TASK GOAL: Only the records, exactly as written, belong in the answer; pictures do not.

PROVIDED DATA:
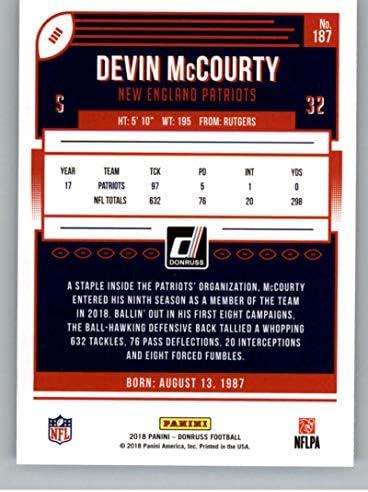 2018 Donruss Foci 187 Devin McCourty New England Patriots Hivatalos NFL Trading Card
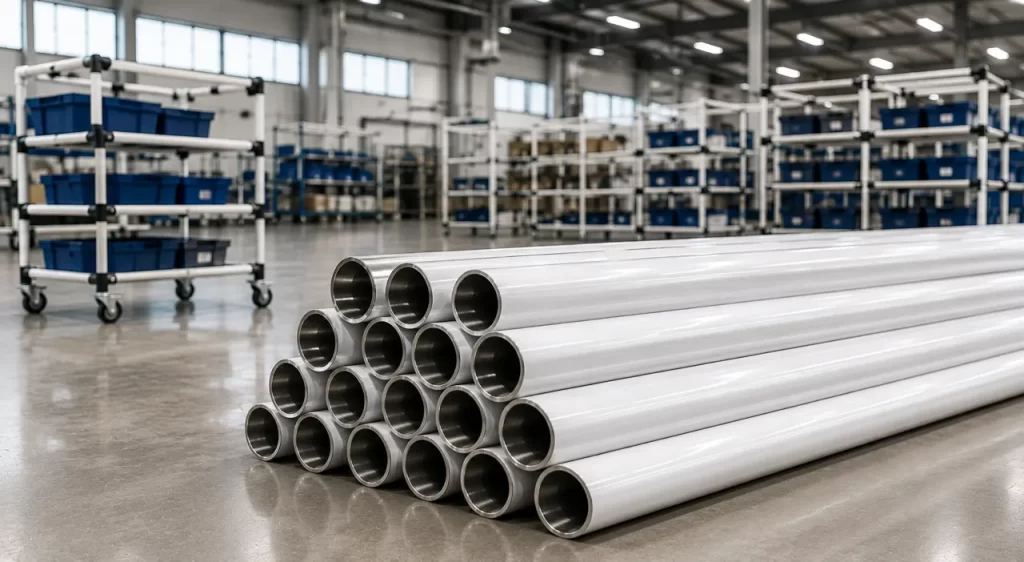 Tubería Lean Acero Revestida 28 mm | Sistema Modular para Lean Manufacturing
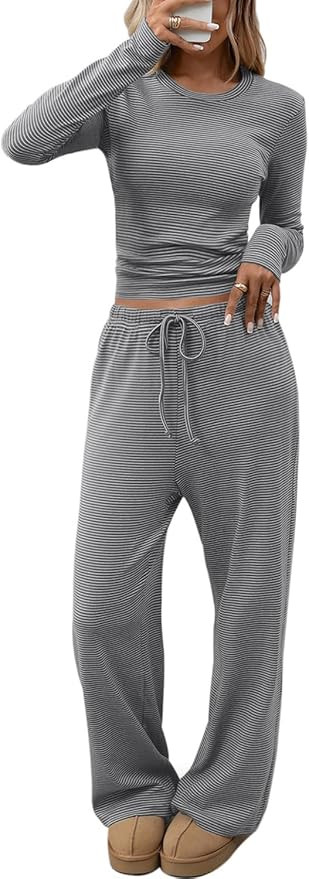 CHYRII Womens Two Piece Sets Fall Fashion Striped Long Sleeve Tops Wide Leg Palazzo Pants Outfits... | Amazon (US)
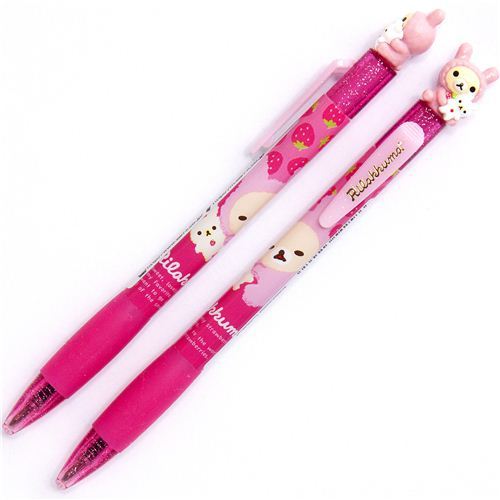 pink Rilakkuma as bunny ballpoint with  figure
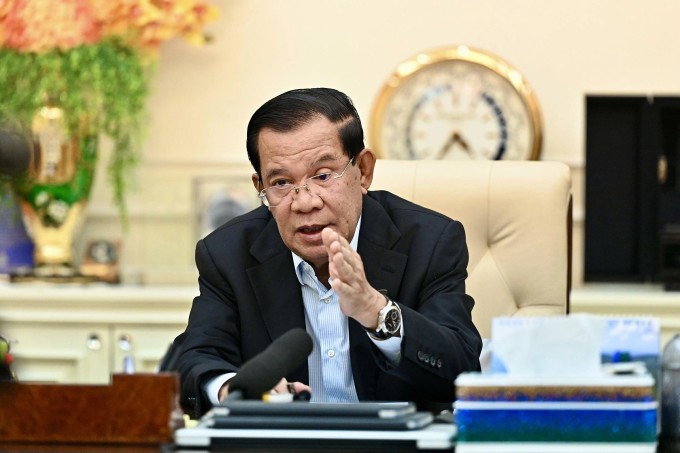 Ông Hun Sen phát biểu trên truyền hình Campuchia ngày 16/5. Ảnh: Fresh News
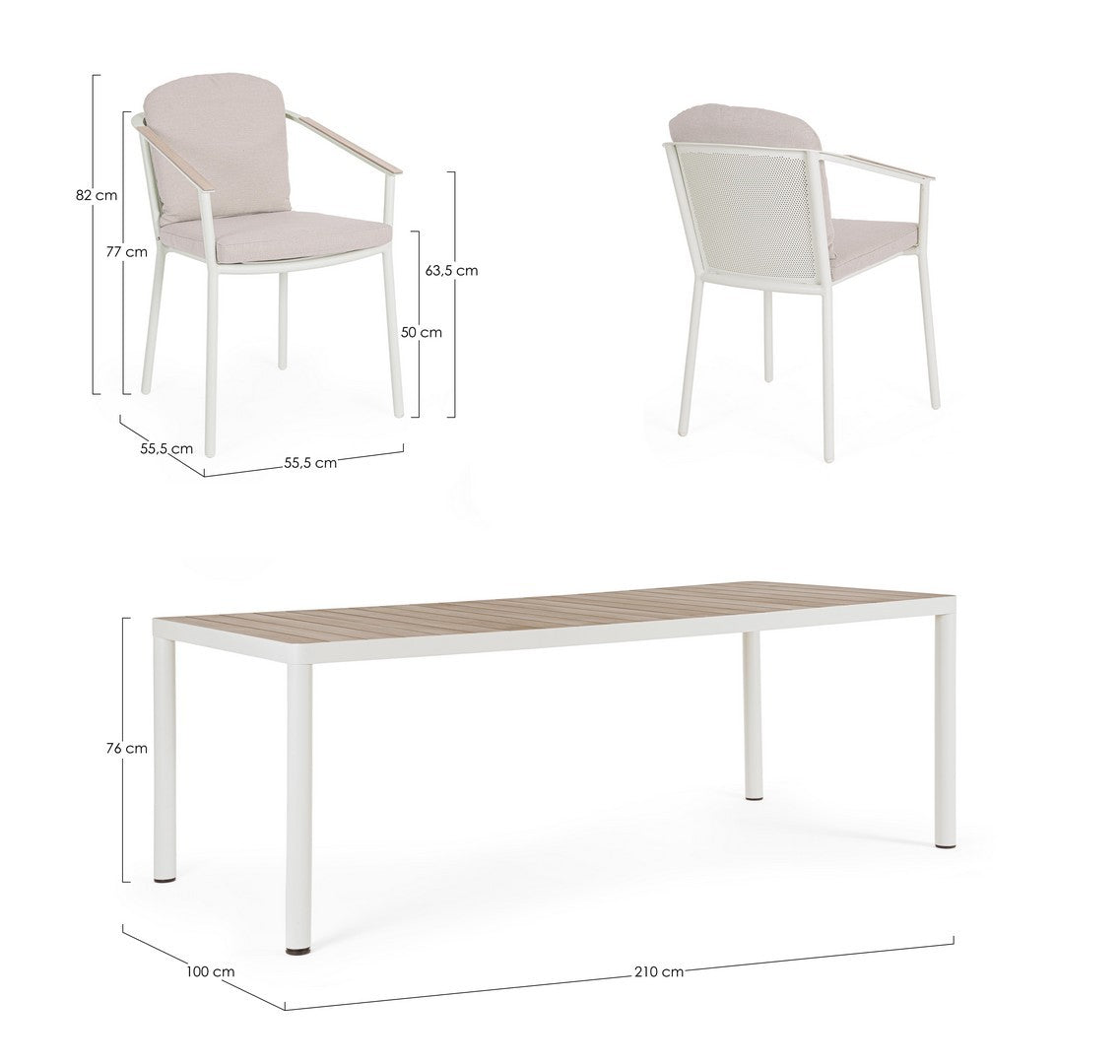 ENSEMBLE TABLE + 8 CHAISES ULISES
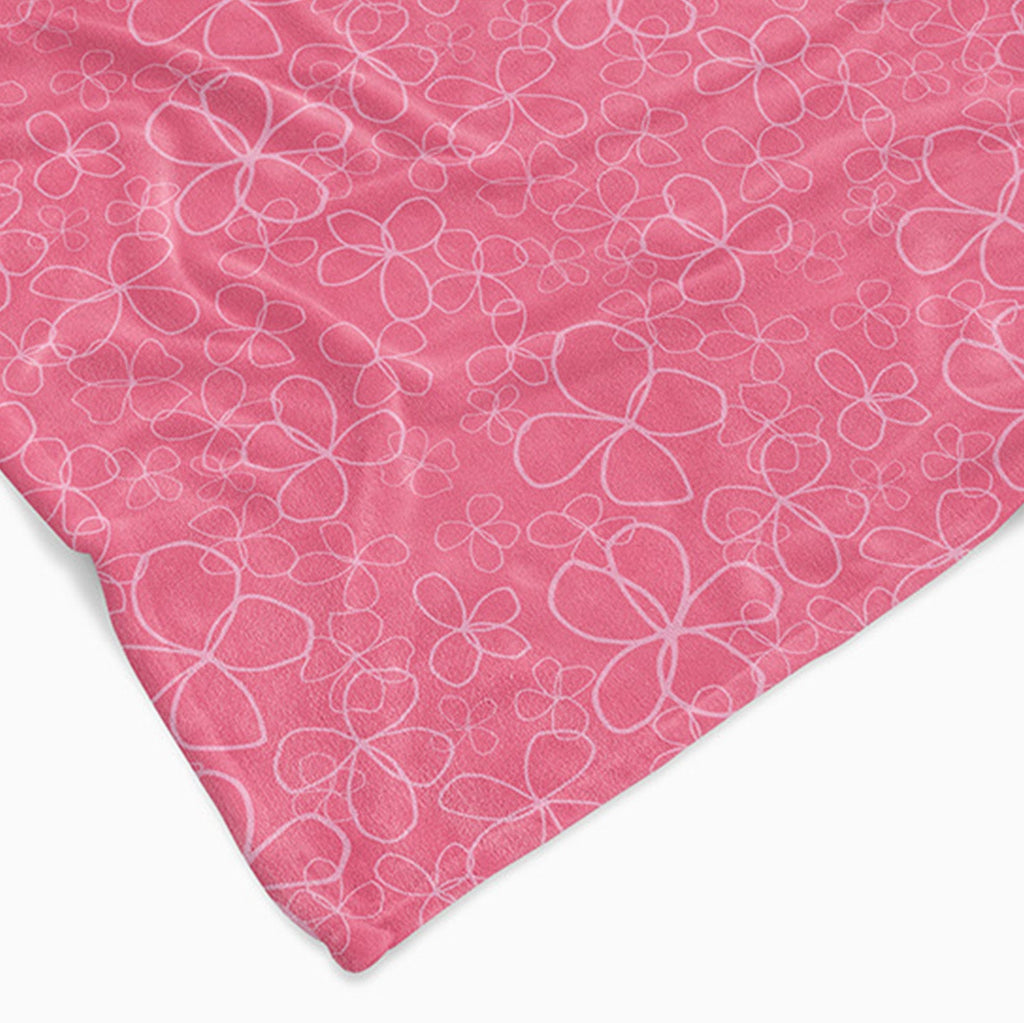 Personalised All Over Name Baby Blanket - Pink Floral - Blankids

TASK RESPONSE:
 2018 Donruss Foci 187 Devin McCourty New England Patriots Hivatalos NFL Trading Card
 Tubería Lean Acero Revestida 28 mm | Sistema Modular para Lean Manufacturing
 CHYRII Womens Two Piece Sets Fall Fashion Striped Long Sleeve Tops Wide Leg Palazzo Pants Outfits... | Amazon (US)
 pink Rilakkuma as bunny ballpoint with  figure
 Ông Hun Sen phát biểu trên truyền hình Campuchia ngày 16/5. Ảnh: Fresh News
 ENSEMBLE TABLE + 8 CHAISES ULISES
 Personalised All Over Name Baby Blanket - Pink Floral - Blankids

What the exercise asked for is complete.